Closed rgbriggs closed 5 years ago
It would be good to fix the PR style so we get a clean Travis run.
Other than the Travis/style issues, this looks reasonable.
On 2019-01-14 11:51, Paul Moore wrote:
It would be good to fix the PR style so we get a clean Travis run.
Is that as simple as running: "./tools/check-syntax -f"?
I thought I saw a previous commit reverted due to a reformat breaking travis. Is there a different repo for travis versions of astyle and perltidy?
Is that as simple as running: "./tools/check-syntax -f"?
It should be, yes.
I thought I saw a previous commit reverted due to a reformat breaking travis.
I suspect you are thinking about commit 7ff3e434bc243e667ebb26a22b64176e662fddec. Evidently different versions of perltidy can generate slightly different output; I believe I saw a similar thing with astyle once, but I can't recall the version (or the affected project) at the moment.

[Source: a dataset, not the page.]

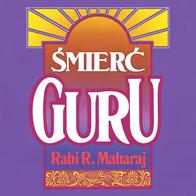 Śmierć Guru - Audiobook PLIK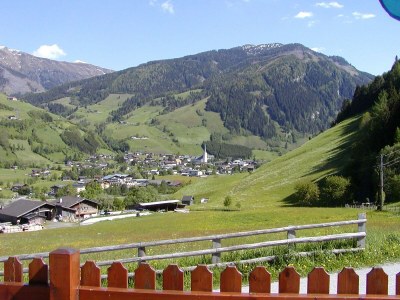 Apartment Appartement Anna, Dusche, WC, ruhig, Balkon, 3 SZ - Outdoor photo 24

At any rate, as I mentioned in the referenced patch, let's just use Travis as the standard right now. If it becomes a real problem we can revisit the issue.
Is there a different repo for travis versions of astyle and perltidy?
The current Travis config appears to be using the Ubuntu Xenial packages at the moment.
Is there a different repo for travis versions of astyle and perltidy?
The current Travis config appears to be using the Ubuntu Xenial packages at the moment.
Yes, hopefully the difference in behavior won't affect us too often. In case it does, you can always just copy-paste the git diff output from the Travis job log into git apply -
.
Let me also mention that you can easily enable Travis on your own fork, so you get the check triggered already when you push the changes there, before opening a pull request. You just need to login to https://travis-ci.org/ with your GitHub account and flip the "on" switch on the repository.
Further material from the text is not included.